▶ _Work task_:
Among the entries below, find the line with "When I asked" and the line with "Hey everybody, welcome". Return exactly those lines and every line between them, but no pictures.

▶ _Available data_:

#####

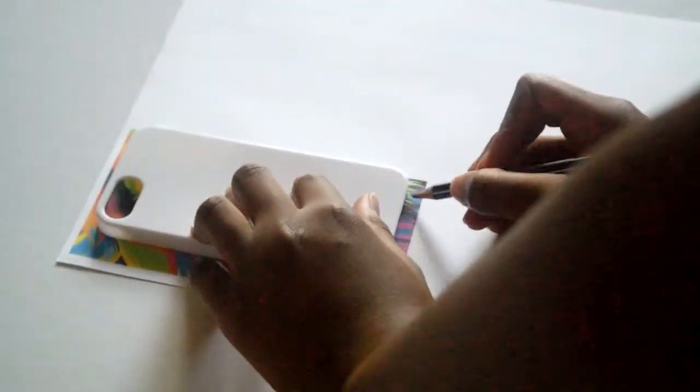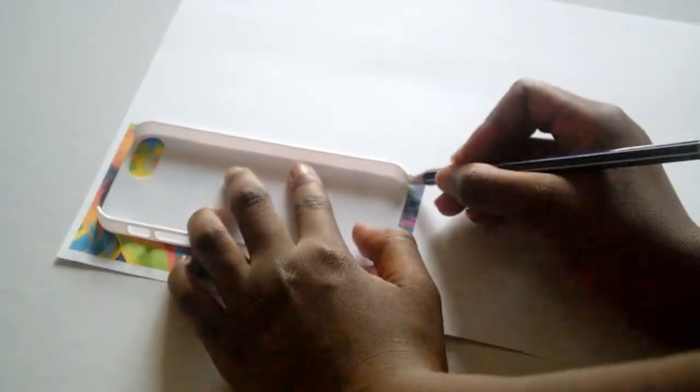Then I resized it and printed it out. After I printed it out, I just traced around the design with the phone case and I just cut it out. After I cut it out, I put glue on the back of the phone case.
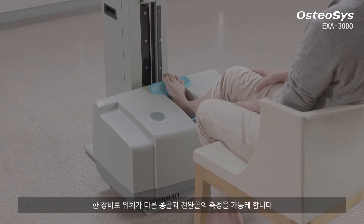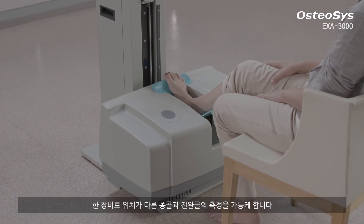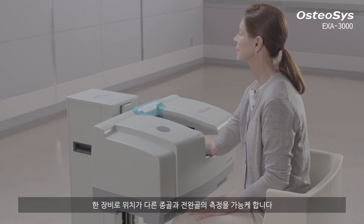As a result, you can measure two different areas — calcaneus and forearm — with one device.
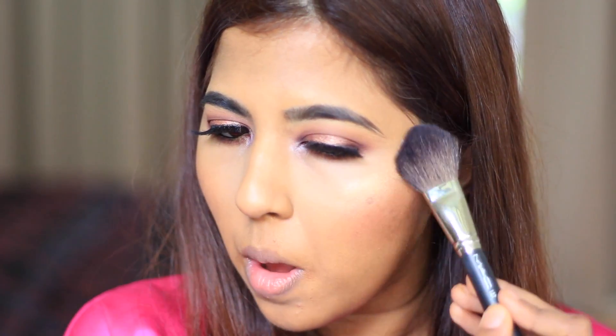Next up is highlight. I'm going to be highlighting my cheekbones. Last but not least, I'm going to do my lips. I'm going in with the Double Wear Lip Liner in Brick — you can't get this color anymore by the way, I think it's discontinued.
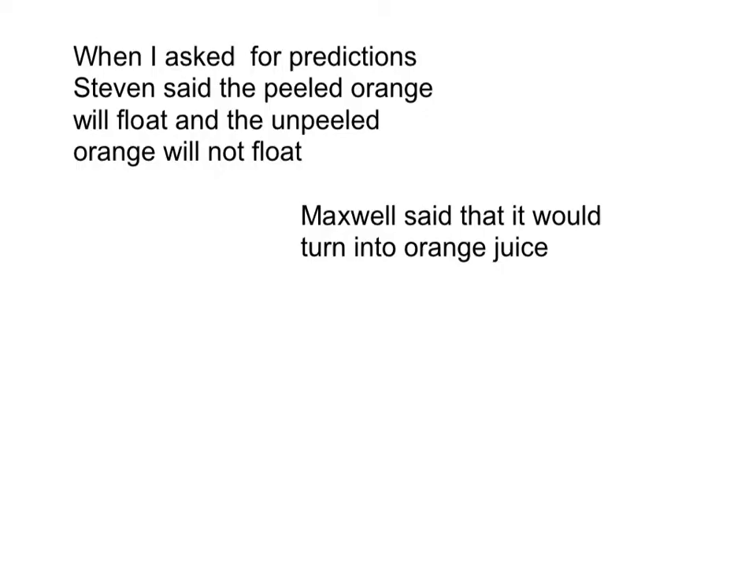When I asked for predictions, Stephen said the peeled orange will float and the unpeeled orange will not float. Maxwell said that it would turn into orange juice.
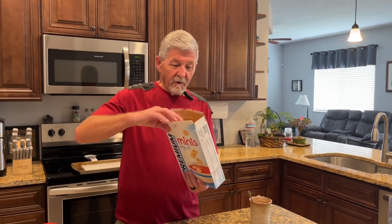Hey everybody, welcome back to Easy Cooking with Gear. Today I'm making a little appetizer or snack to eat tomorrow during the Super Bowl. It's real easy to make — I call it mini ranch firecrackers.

#####

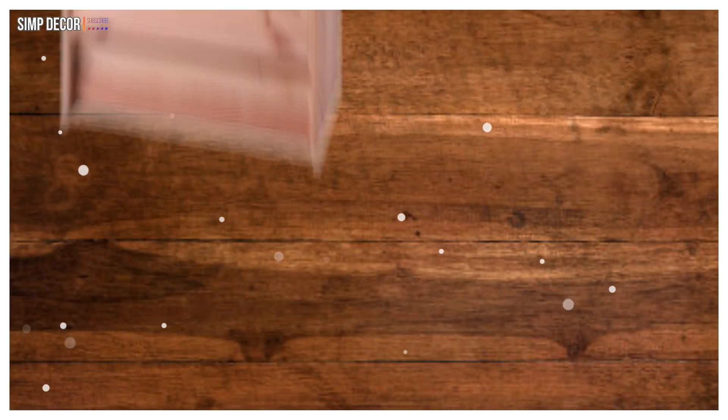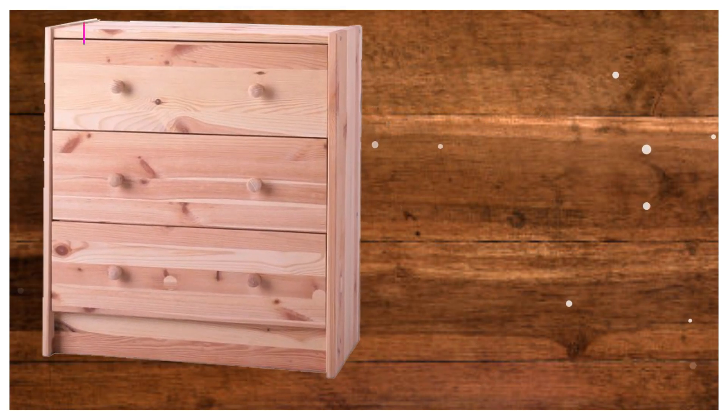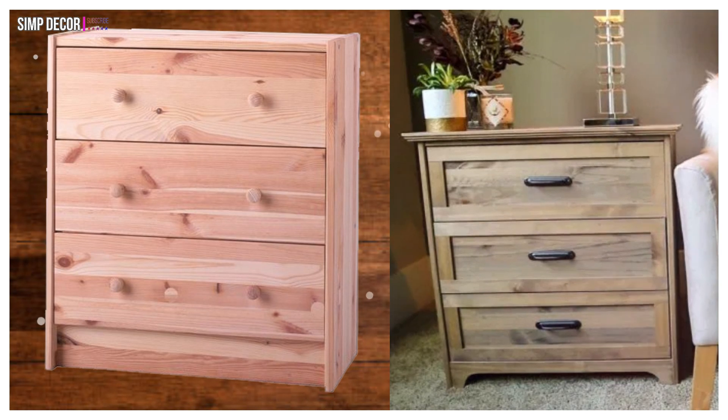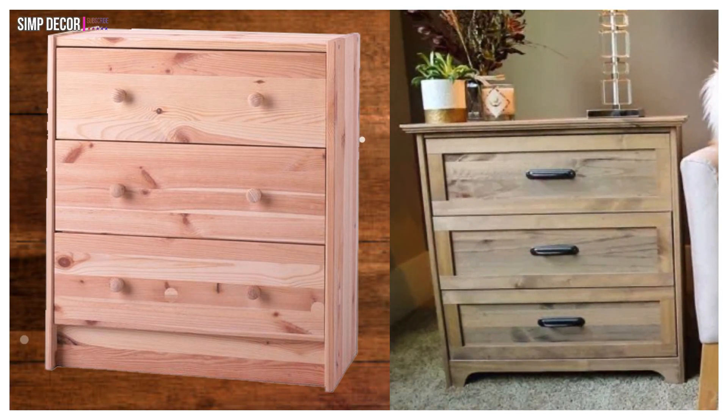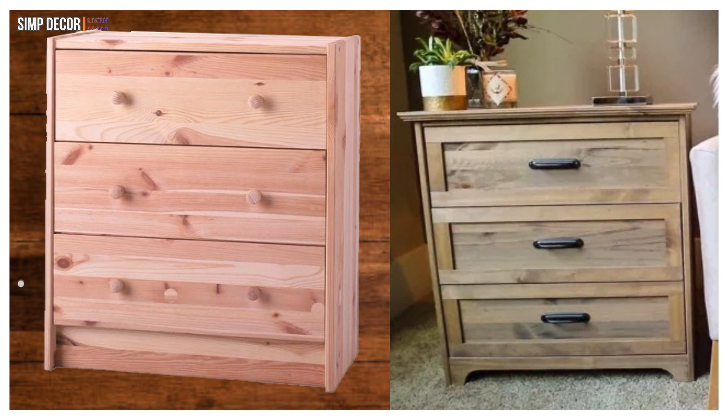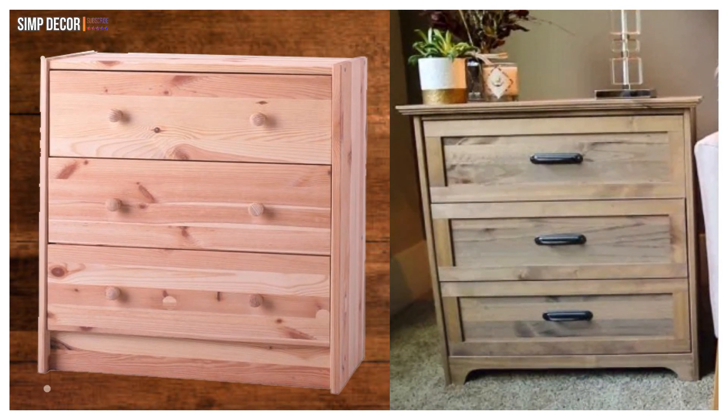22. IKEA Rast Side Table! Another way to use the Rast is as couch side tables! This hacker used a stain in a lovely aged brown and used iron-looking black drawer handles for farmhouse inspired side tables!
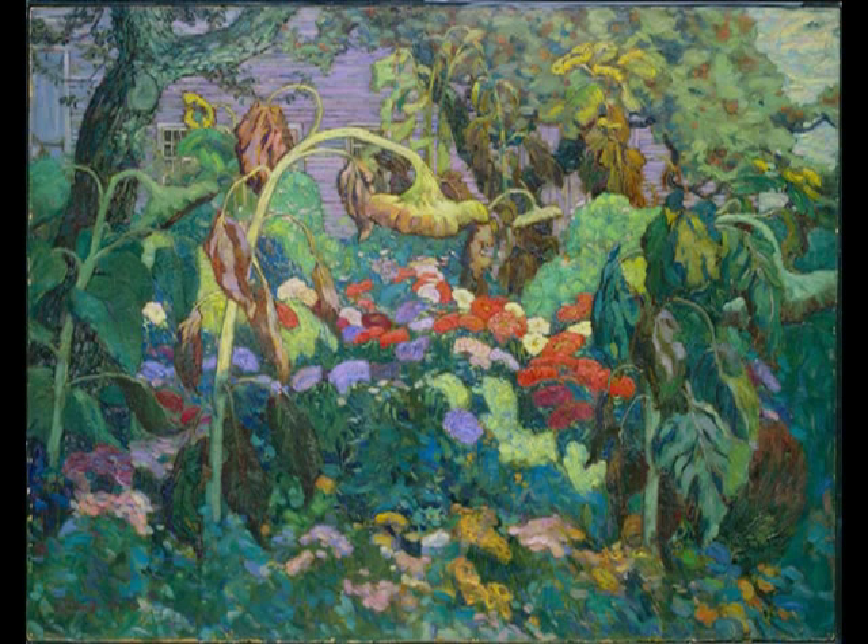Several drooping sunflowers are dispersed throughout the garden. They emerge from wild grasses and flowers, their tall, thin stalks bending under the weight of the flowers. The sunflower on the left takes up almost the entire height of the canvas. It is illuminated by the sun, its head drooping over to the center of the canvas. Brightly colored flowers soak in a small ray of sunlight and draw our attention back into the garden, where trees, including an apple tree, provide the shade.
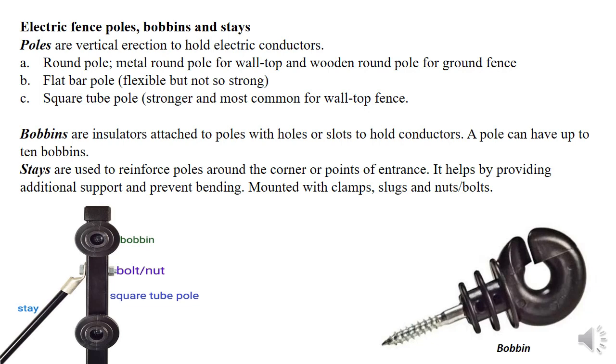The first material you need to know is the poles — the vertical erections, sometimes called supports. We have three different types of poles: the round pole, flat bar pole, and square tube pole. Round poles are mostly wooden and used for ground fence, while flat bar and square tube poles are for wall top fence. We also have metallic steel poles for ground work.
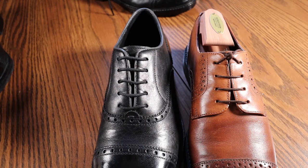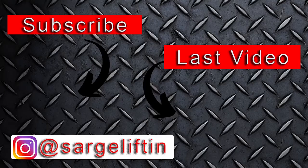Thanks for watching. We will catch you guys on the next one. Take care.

#####

▶ _Finished exercise_:
When I asked for predictions, Stephen said the peeled orange will float and the unpeeled orange will not float. Maxwell said that it would turn into orange juice.
Hey everybody, welcome back to Easy Cooking with Gear. Today I'm making a little appetizer or snack to eat tomorrow during the Super Bowl. It's real easy to make — I call it mini ranch firecrackers.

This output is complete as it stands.